Assouline Sarit, Buccheri Valeria, Delmer Alain, Gaidano Gianluca, McIntyre Christine, Brewster Michael, Catalani Olivier, Hourcade-Potelleret Florence, Sayyed Pakeeza, Badoux Xavier
Jewish General Hospital, Montreal, Canada.
Hematology Division, Hospital das Clinicas da Faculdade de Medicina da Universidade de Săo Paulo, Săo Paulo, Brazil.
Br J Clin Pharmacol. 2015 Nov;80(5):1001-9. doi: 10.1111/bcp.12662. Epub 2015 Jul 29.
The aim of the phase Ib, two part SAWYER study (BO25341; NCT01292603) was to investigate the pharmacokinetics and safety of subcutaneous (s.c.) rituximab compared with intravenous (i.v.) rituximab, both in combination with fludarabine and cyclophosphamide (FC), as first line treatment for patients with chronic lymphocytic leukaemia (CLL).
During part 1 (dose-finding), CLL patients received rituximab i.v. followed by a single dose of rituximab s.c. at one of three fixed doses (1400, 1600 or 1870 mg) in cycle 6. The primary objective was to identify a fixed s.c. dose that would achieve comparable rituximab serum trough concentrations (Ctrough ) to those achieved with the standard 4 weekly 500 mg m(-2) rituximab i.v. dose.
Fifty-five patients received a fixed dose of rituximab s.c., 16 received 1400 mg, 17 received 1600 mg and 22 received 1870 mg. The 1600 mg dose was predicted to achieve non-inferior Ctrough to standard rituximab i.v.
The rituximab s.c. safety profile was comparable with rituximab i.v., except that local administration-related reactions, mainly mild/moderate injection site reactions, occurred more frequently with rituximab s.c., which was not unexpected. Subcutaneous administration was preferred to i.v. administration by >90% of patients and nurses (n = 112).
SAWYER part 1 data predict that rituximab s.c. 1600 mg will achieve non-inferior Ctrough concentrations to rituximab i.v. 500 mg m(-2) , administered 4 weekly. This fixed s.c. dose is currently undergoing formal non-inferiority assessment in SAWYER part 2. In future, CLL treatment regimens comprising rituximab s.c. and oral FC could substantially reduce i.v. chair time.

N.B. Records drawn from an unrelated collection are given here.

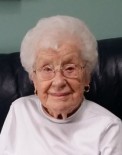 Margret Ada Bradley Lyons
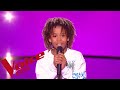 Danakil - Marley | Tahys | The Voice Kids 2023 | Audition à l
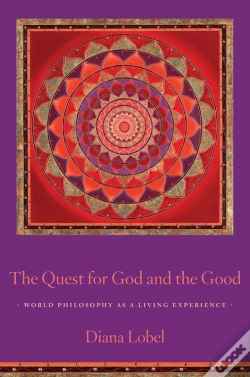 Capa do artigo Quest For God And The Good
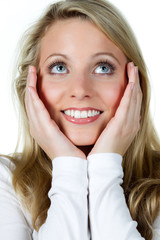 Fototapeta premium pure bliss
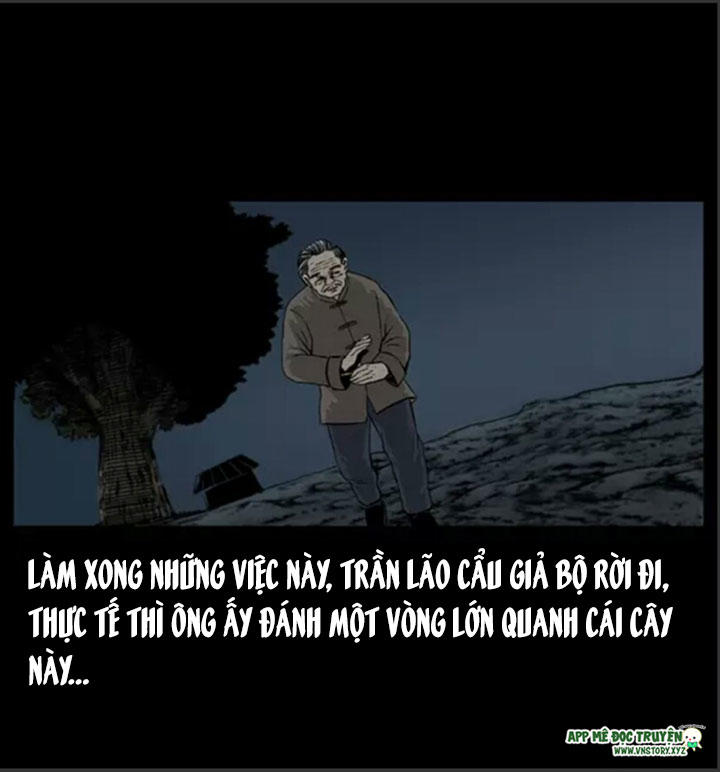 U Minh Ngụy Tượng Chapter 8 - Trang 2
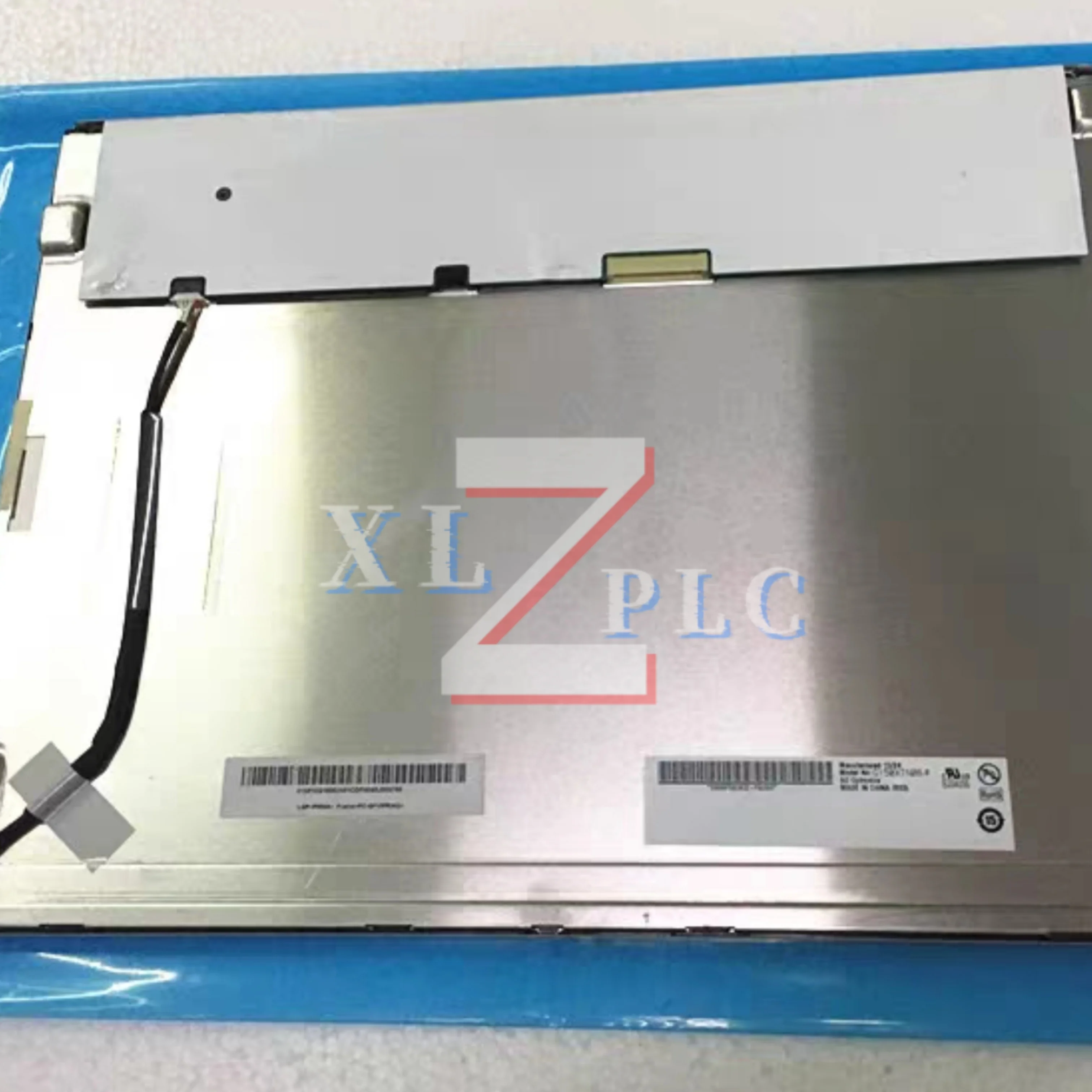 جديد الأصلي G065VN01 V2 G150XTN02.0 G215HVN01.0 لوحة عرض LCD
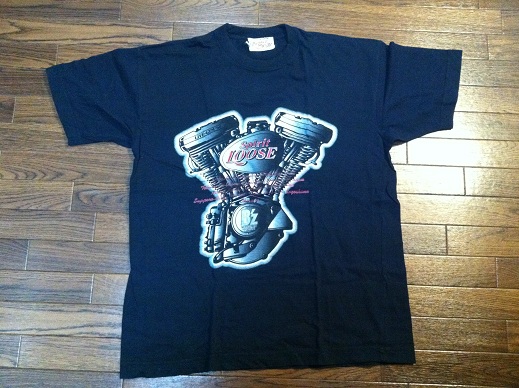 B'z LIVE-GYM '96 spirit LOOSE 関連グッズ② - MERCHANDISE COLLECTION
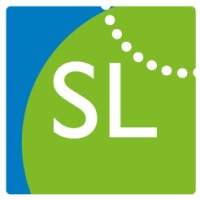 Speech & Language Link logo - Similar company to Elklan Training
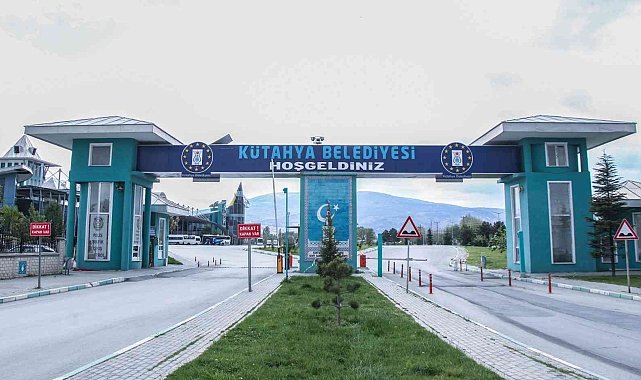 Kütahya&#039;da şehirlerarası yolcu taşımacılığı ücretleri zamlandı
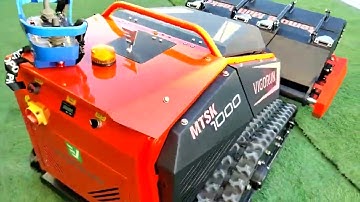 #newproduct #onsale  factory direct sales low price buy online remote multitask flail mulcher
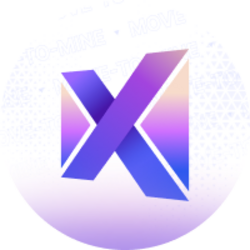 NovaX logo NovaX crypto logo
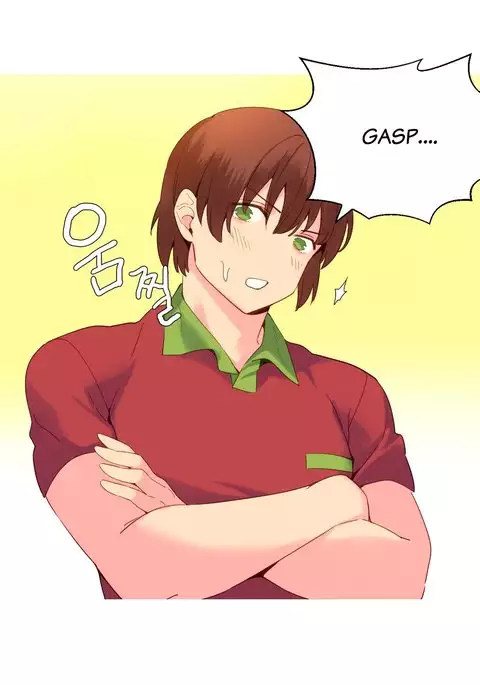 A World That I Rule Ch.01-26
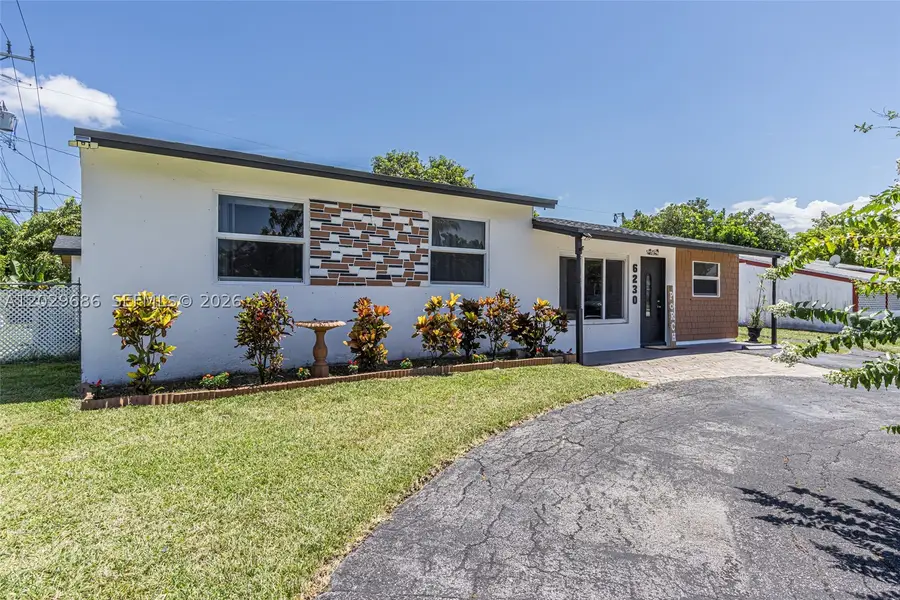 6230 SW 16th Ct, North Lauderdale, FL 33068 - #3
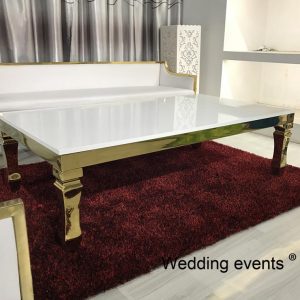 wedding table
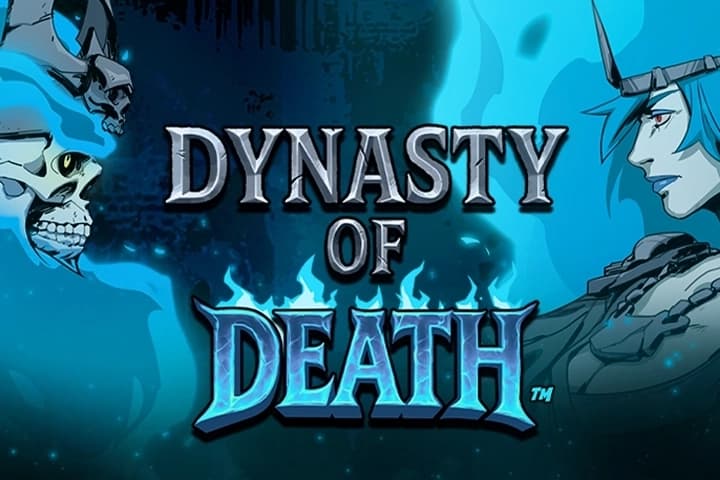 Dynasty of Death - Slot Hacksaw Gaming | RTP N/A | MisterTopCasino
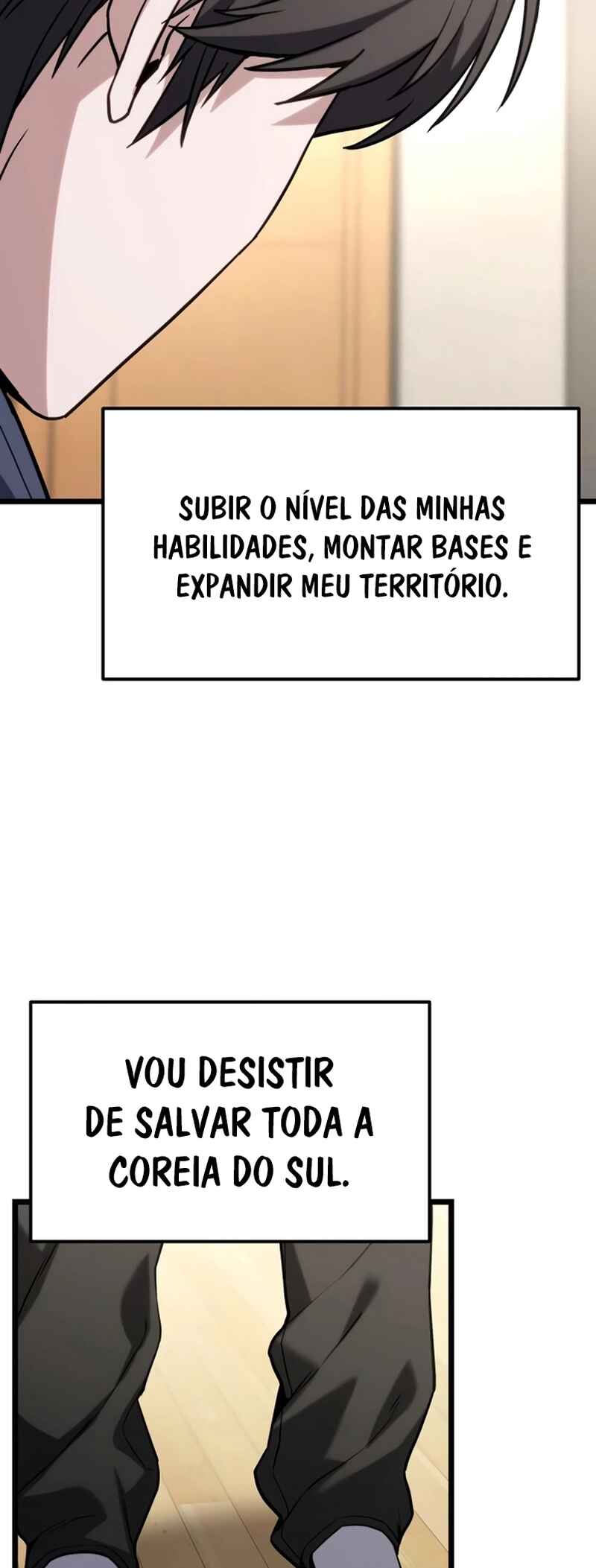 Read The Ultimate Shut-In PT Manga Online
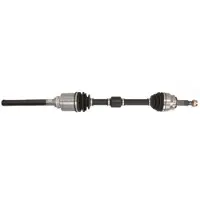 POINT GEAR PNG75165 Aandrijfas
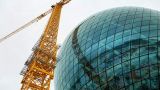 В Казахстане проведение EXPO-2017 не повлияло на цену недвижимости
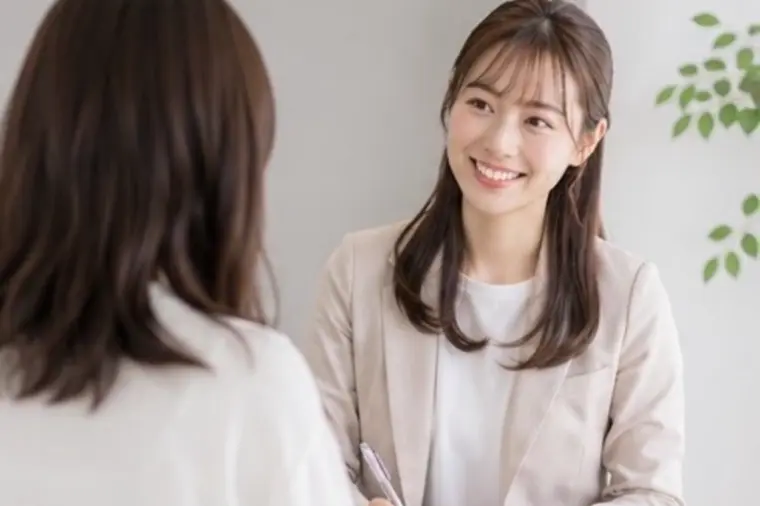 結婚相談所って「最後の手段」だと思っていませんか？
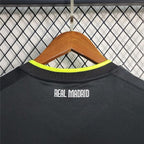 Retro Real Madrid 2010-2011 away image 4
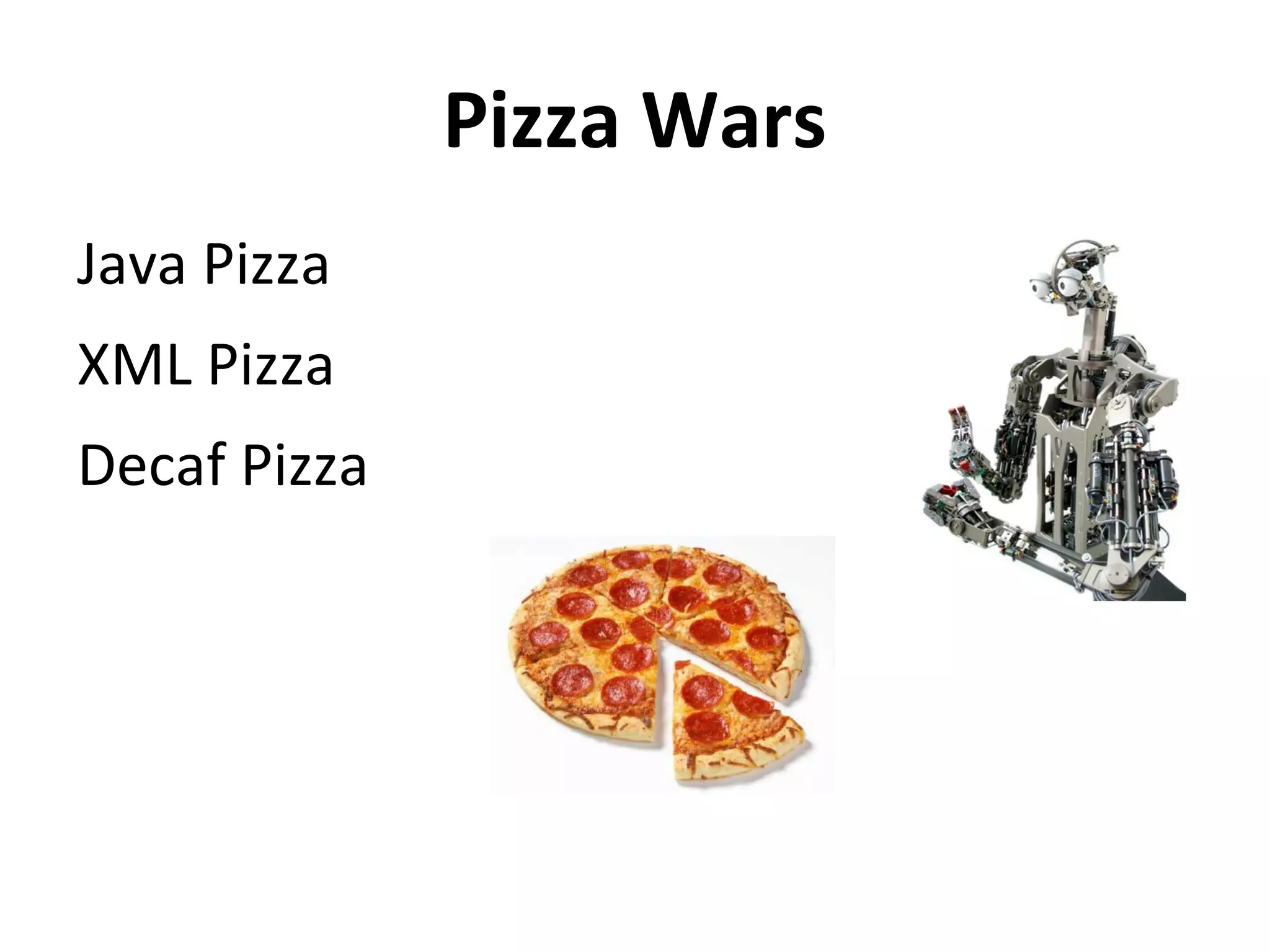 DSLs PostScript, VRML, POV-Ray 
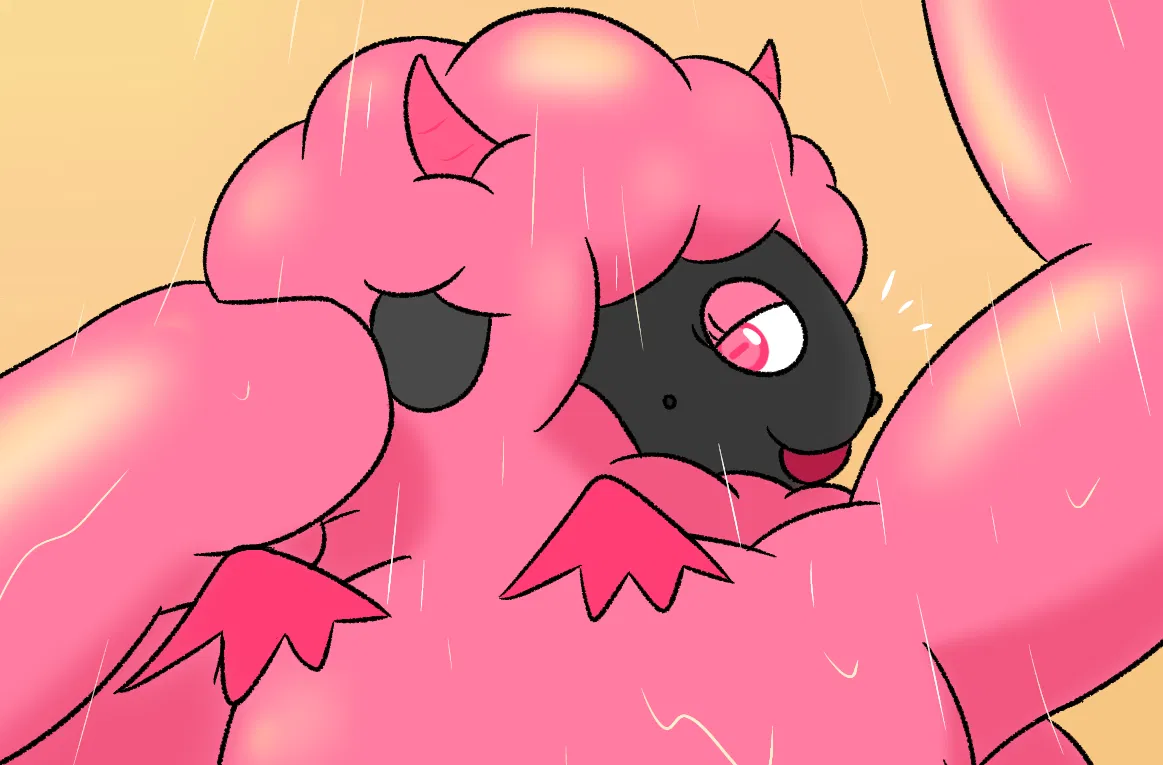 Avatar of Cubi the Dream-Eating Succubus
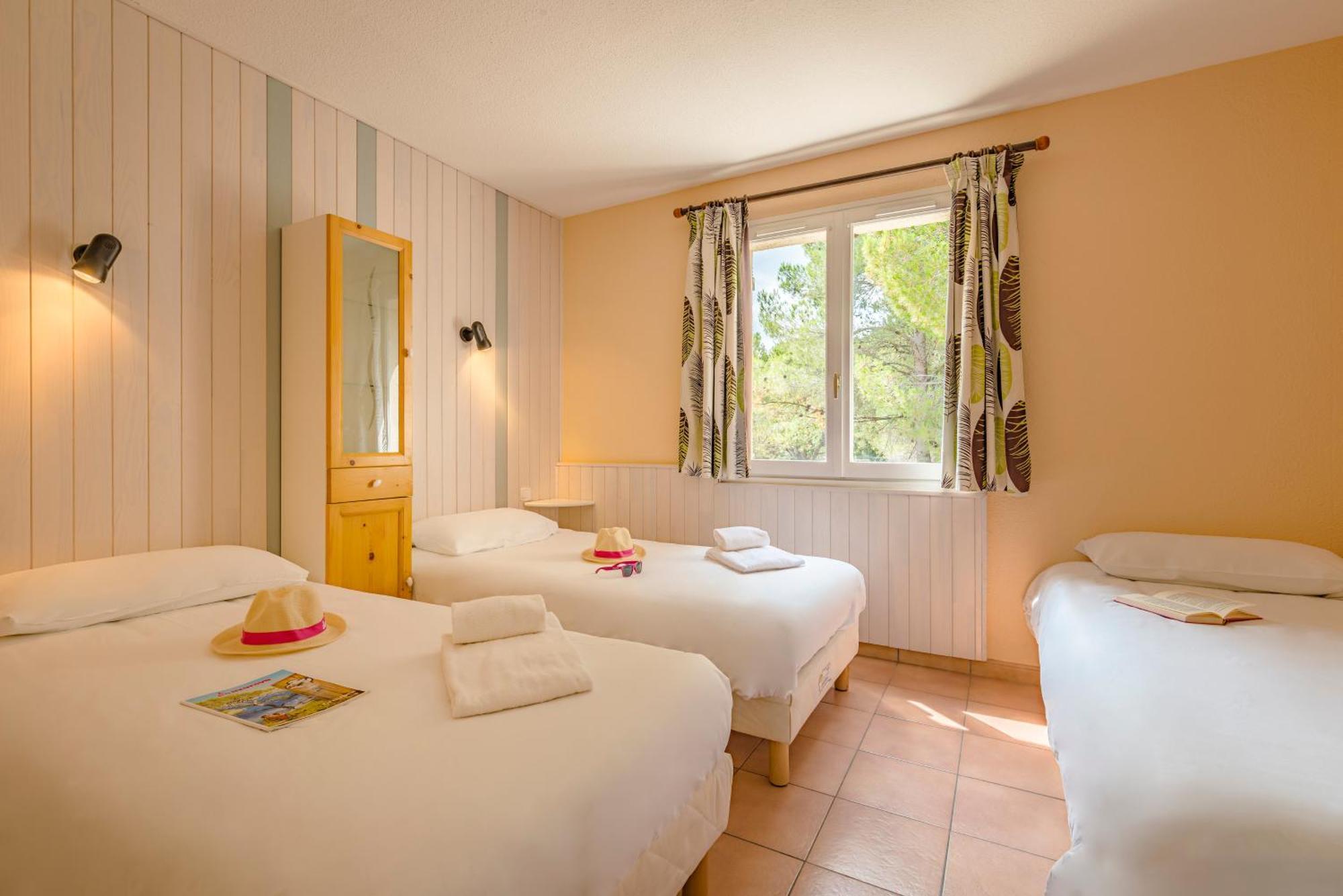Azureva Argeles Argelès-sur-Mer Exterior foto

Ib期两部分的SAWYER研究(BO25341;NCT01292603)旨在研究皮下注射利妥昔单抗与静脉注射利妥昔单抗联合氟达拉滨和环磷酰胺(FC)作为慢性淋巴细胞白血病(CLL)患者一线治疗方案时的药代动力学和安全性。
在第1部分(剂量探索)中,CLL患者在第6周期接受静脉注射利妥昔单抗,随后在三个固定剂量(1400、1600或1870mg)之一皮下注射单剂量利妥昔单抗。主要目标是确定一个固定的皮下注射剂量,使其利妥昔单抗血清谷浓度(Ctrough)与标准的每4周静脉注射500mg/m(-2)利妥昔单抗剂量所达到的浓度相当。
55例患者接受了固定剂量的皮下注射利妥昔单抗,16例接受1400mg,17例接受1600mg,22例接受1870mg。预计1600mg剂量的Ctrough与标准静脉注射利妥昔单抗非劣效。
皮下注射利妥昔单抗的安全性与静脉注射利妥昔单抗相当,只是皮下注射利妥昔单抗时局部给药相关反应(主要是轻度/中度注射部位反应)更频繁发生,这在意料之中。超过90%的患者和护士(n = 112)更喜欢皮下给药而非静脉给药。
SAWYER第1部分数据预测,皮下注射1600mg利妥昔单抗的Ctrough浓度与每4周静脉注射500mg/m(-2)利妥昔单抗非劣效。这个固定的皮下注射剂量目前正在SAWYER第2部分进行正式的非劣效性评估。未来,包含皮下注射利妥昔单抗和口服FC的CLL治疗方案可大幅减少静脉注射时间。